Il punto è capire che tipo di Europa si vuole: a guida franco-tedesca, alleata delle lobby e dei rigoristi alla Monti (una Ue confermata ieri dall’incontro a due tra Macron e la Merkel), o un’Europa più sociale e solidale, versione mediterranea.
La questione ulteriore, a proposito di Francia, è approfondire le ragioni della famosa guerra alla Libia, che ha significato la perdita dell’egemonia italiana, e il definitivo decollo dell’influenza francese.

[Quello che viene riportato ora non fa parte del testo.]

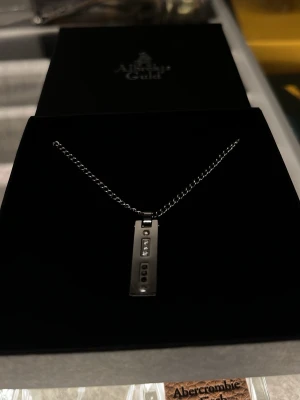 Silverhalsband från Albrekts Guld - Snyggt silverhalsband med en rektangulär hängande bricka, dekorerad med tre små klara stenar i rad. Kedjan är tunn och stilren, perfekt för dig som gillar minimalistisk design. Kommer i originalask från Albrekts Guld. Priset är inte satt i sten än så kom med bud👍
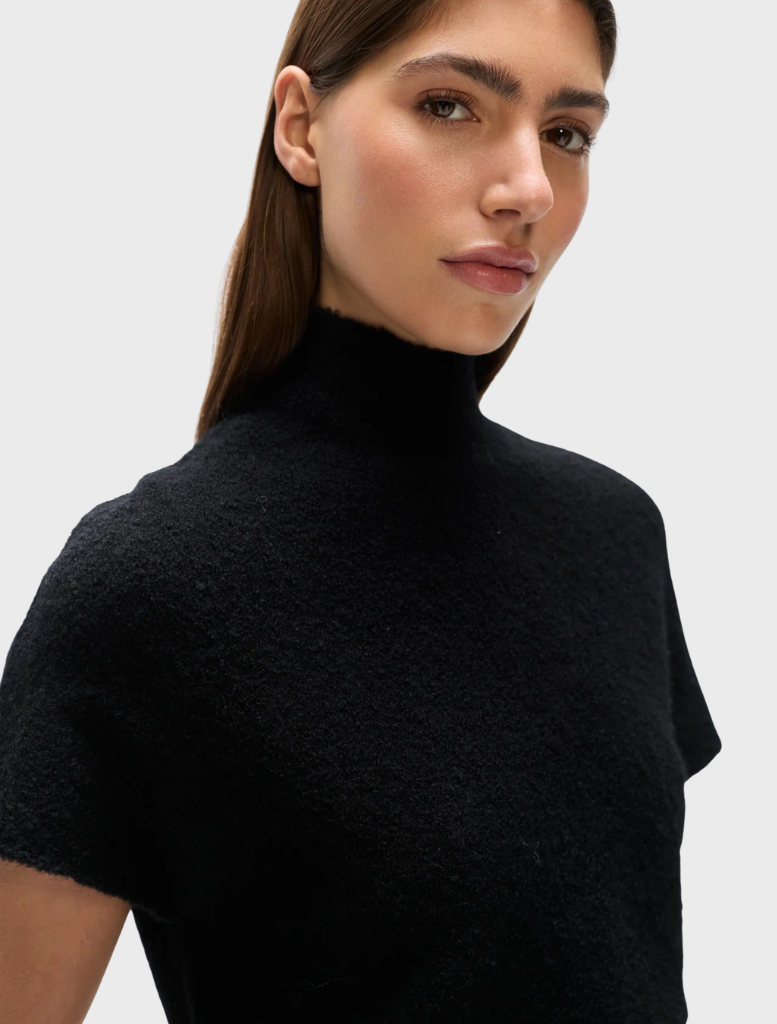 Black Evren knit top laid flat, emphasizing its simple yet chic style and comfortable fit.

Ora la Francia, questo è il vero focus, sta controllando gran parte della regione africana, e molti economisti stanno dando ragione alle accuse di Di Maio. E’ la verità.
Il suo vulnus ruota intorno al cosiddetto “franco Cfa”, che secondo gli esperti, sta affamando le popolazioni. Prima era legato al franco francese, ora all’euro, costringendo le popolazioni locali ad un doppio cambio estremamente svantaggioso per la loro economia e il tenore di vita.
Sono 14 paesi infatti, che oggi fanno parte delle “Comunità francesi d’Africa”, tra ex colonie e Stati federati, vicini e amici, e il loro tasso fisso è di 655,957 franchi Cfa per 1 euro. “Nazismo monetario” per Nicolas Aghohou, professore di economia ivoriano all’Università francese.
La domanda è questa: al di là della suscettibilità francese, è vero o falso quello che ha detto Di Maio? I francesi se ne facciano una ragione.